You gotta hear his Sergio! Meet the Irish golf impressionist who has everyone talking (and laughing)

September 27, 2018

SAINT-QUENTIN-EN-YVELINES, France — Earlier this year during a practice round at the British Open, Justin Rose approached golf-impressionist extraordinaire Conor Moore and began mimicking Moore’s impression of Moore doing Rose. (Are you still with us?)

“There’s a lot ebbs and flows, peaks and valleys on this course,” Rose began, squinting his eyes, tipping his head from side to side and invoking his best Moore-doing-Rose’s staccato delivery.

“It’s good, Justin,” Moore said. “But it needs work.”

That Moore has reached a point in his career where the world’s best golfers are imitating him doing them tells you something about the 29-year-old comedian’s rapid ascent up the golf-comedy ranks (which, to be fair, is a little-practiced subset of comedy).

Moore first caught the golf world’s attention when he published a compilation of impressions before this year’s Masters, a side-splitting super-cut that included on-the-nose imitations of a tittering Sergio Garcia, a droopy-eyed Dustin Johnson and a weeping Bubba Watson.

The video lit up social media and even made a cameo on SportsCenter. Moore followed that hit with another video before the British Open that has garnered nearly two million views.

In total, his spots — he also imitates Premier League players and does a mean Conor McGregor — have driven some 60 million views.

European Ryder Cup captain Thomas Bjorn is a fan.

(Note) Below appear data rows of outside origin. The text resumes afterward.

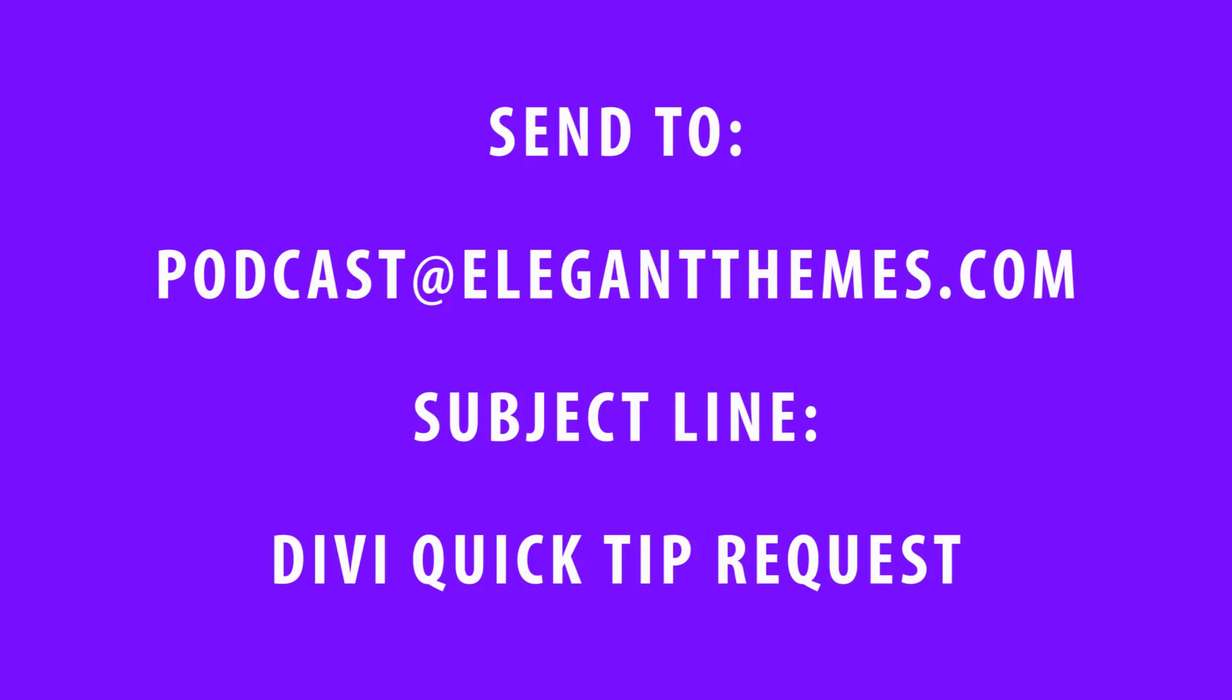That's all for this Divi Quick Tip. If you have a quick tip request that you'd like me to cover in a future episode, you can submit your request any way you'd like: YouTube comment, Facebook comment, Twitter mention, blog comment, or by email at podcast at elegantthemes.com with the subject line, Divi Quick Tip Request.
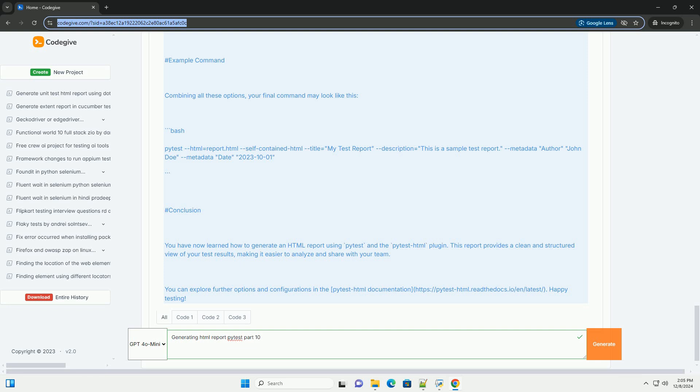Example command combining all these options. Your final command may look like this: bash pytest --html=report.html --self-contained-html --title='My Test Report' --description='This is a sample test report' --metadata author 'John Doe' --metadata date 'October 1st, 2023'.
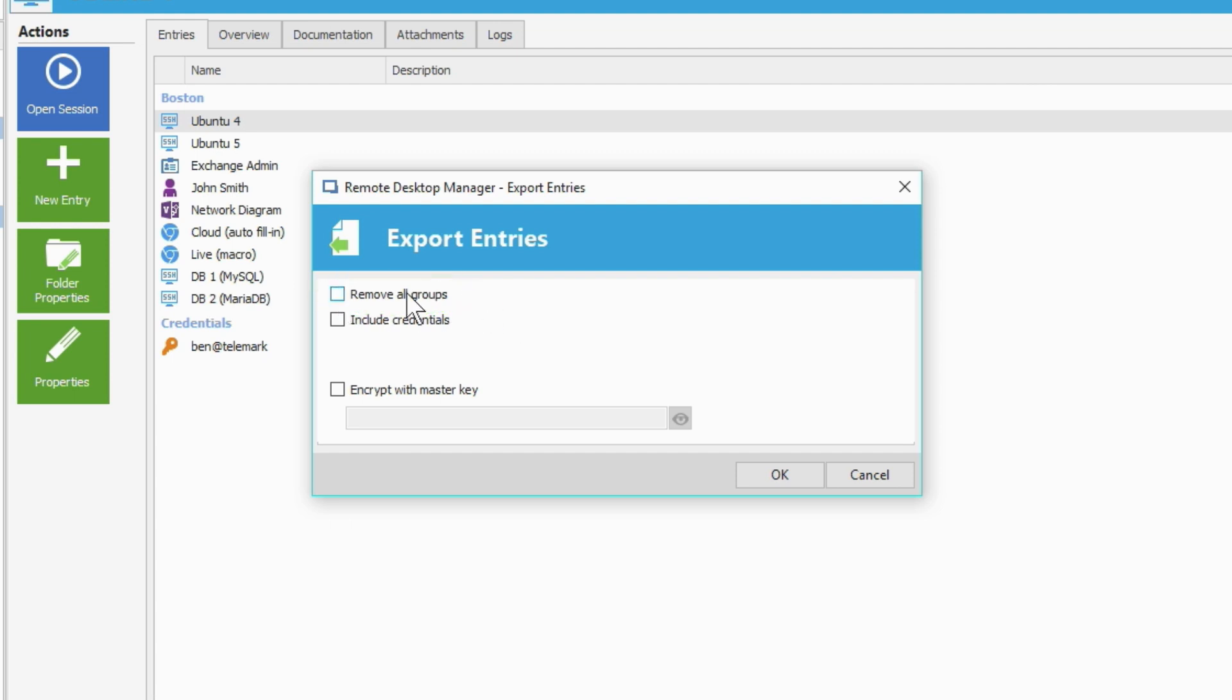I'm going to keep my folder structure, but I am going to check Include Credentials. If I didn't check this option, then none of the usernames and passwords would be exported. It would be blank. So because I want to keep the usernames and passwords for my different remote connections, sessions, and credentials, I'm going to click Include Credentials.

Earlier this week, in a team meeting at the 42nd Ryder Cup here at Le Golf National, Bjorn fooled his squad into believing that they were about to watch a spine-tingling motivational video. Instead, they got a 10-minute spoof of Moore in a faux press conference channeling (and roasting) each of the players on the European side, from McIIroy to Molinari. “I think Fran’s has made me giggle for about 10 hours now,” Tommy Fleetwood said Wednesday morning. “He was just trying to make out how excited [Molinari] was with his deadpan tone. It was perfect, really.”

Even the captain himself wasn’t spared, with Moore donning a shower cap to play the follickly-challenged Dane. Said Bjorn: “You have got to laugh at yourself. … It might be one or two [players] found a few truths about the way people look at them.”

Moore isn’t a natural. He’ll spend days and sometimes weeks listening to interviews of players and studying their mannerisms in an effort to perfect his marks. He’s so committed to the cause that he deleted all the music off his phone (too much of a distraction) and replaced it with interviews of golfers.

Some impressions come more easily than others: Fleetwood, who sounds like one of the Beatles, required less work. Phil Mickelson, on the other hand, has been a bear to master.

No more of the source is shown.